WiseTech Global shares were placed in a trading halt on Thursday morning at the logistic company’s request amid undisclosed governance concerns.
Trade is not expected to resume until at least Monday, February 24. An update on the review was expected when the company reports on Wednesday.
“The trading halt is requested to enable the Company to be in a position to provide an update on current Board discussions relating to matters of governance,” WiseTech said in a statement to the ASX.
The halt comes after fresh allegations of inappropriate conduct against founder and former CEO Richard White emerged last week, with a supplier and employee both lodging complaints.
Last Monday the WiseTech board said the complaints “are being considered in the ongoing Board Review”.
“WiseTech has received two confidential complaints, from an employee and a supplier to the company, making allegations in relation to the [White],” the company said in its market statement.
Last October, nearly 30 years after founding the $41 billion company, White resigned as WiseTech CEO and stepped down from the Tech Council of Australia board, amid allegations of inappropriate behaviour towards women following a legal battle with a former lover.
He was cleared of wrongdoing last year following a legal and accounting review into his behaviour by Herbert Smith Freehills, Seyfarth Shaw and McGrathNicol, which found “no evidence” of policy breaches.

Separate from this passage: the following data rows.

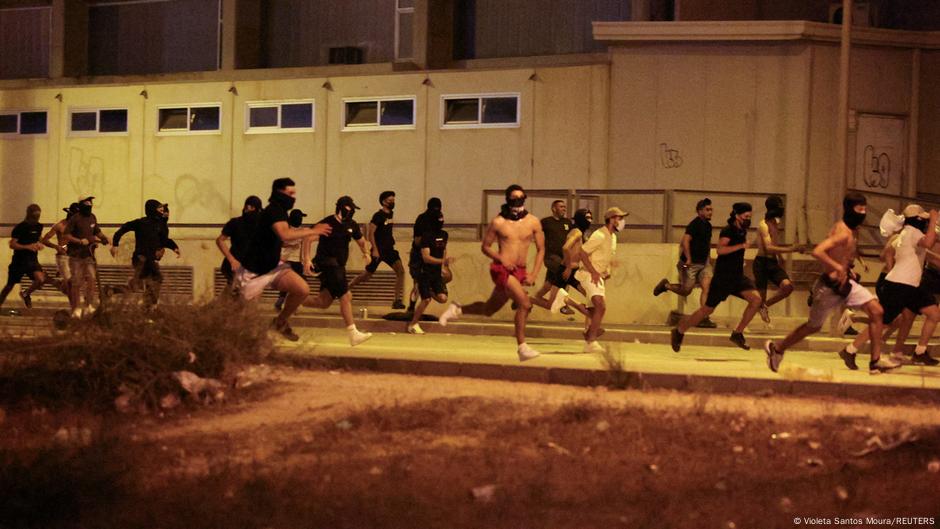 Fact check: Misinformation fuels anti-migrant riots in Spain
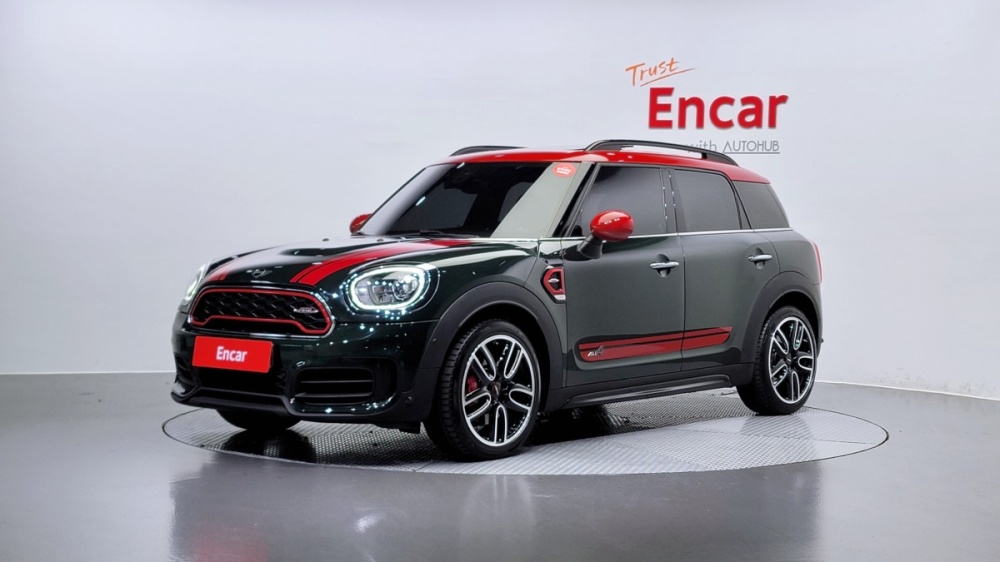 Mini Cooper S Countryman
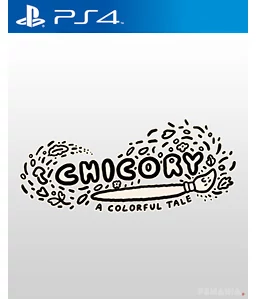 Chicory: A Colorful Tale PS4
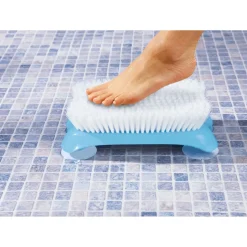 Badebürsten & Eincremehilfen|Die moderne Hausfrau Wandbürste mit Saugnäpfen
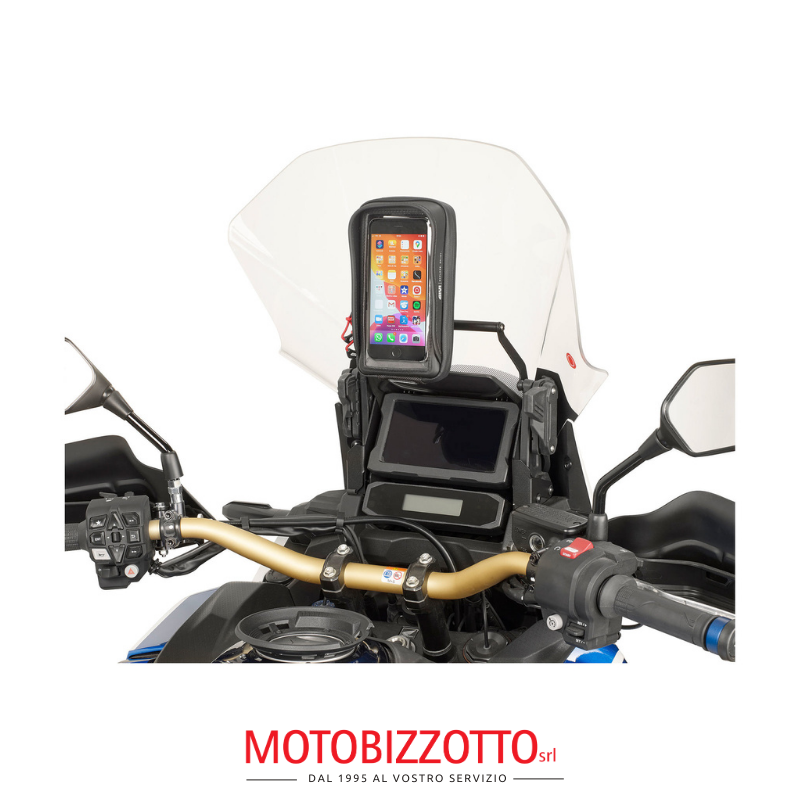 Porta Cellulare Givi Per Smartphone Plus O Maxi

The review examined five key allegations against the billionaire, including a failure disclose to the board several “close personal relationships” at work, misuse of company funds and claims of bullying, harassment and intimidation by former director Christine Holman, who resigned in 2019.
The board said at the time that “Seyfarth Shaw found that White has a direct approach and that from time to time is involved in robust and challenging discussions. This is generally consistent with the process of ‘creative abrasion’, which was widely acknowledged in the Review to create significant value for the organisation”.
It added that “However, there is the capacity for managers to find this uncomfortable and confronting, particularly in group settings.”
The billionaire is also facing legal action after a former employee lodged Federal Court proceedings, alleging breaches of the general protections of the Fair Work Act.
White, and his wife, Zena Nasser, and his private investment firm, RealWise Management, are respondents in the case.
She alleges that in return for sex, she received financial support and visa support.
White says their relationship was consensual, denies the allegations and denies the woman worked for him or RealWise.
When White left as CEO last year, the logistics software business said he’d return in new full-time, 10-year consulting role, on the same $1 million salary he was paid as chief executive.
But last week the company said it had yet to finalise an agreement about the new role, which “was created at the request of Richard White”, adding that “in the meantime, both the company and Mr White have been operating broadly in accordance with what was announced”.
There have been several reports of relationships gone wrong involving White, including a woman in her 30s who claimed she had an “advice for sex” relationship with the billionaire in 2024e but it ended when his now-wife intervened.
Others alleged that the WiseTech founder had conversations with several female entrepreneurs on social media and elsewhere, and used suggestive or crude language. He was labelled “the LinkedIn lecher” by one of the women.
Other disputes were settled confidentially.
Earlier this year White acquired WiseTech director Maree Isaacs’ 8.17% stake in RealWise Holdings, which owns more than a third of the WiseTech. He cofounded WiseTech with her in 1994.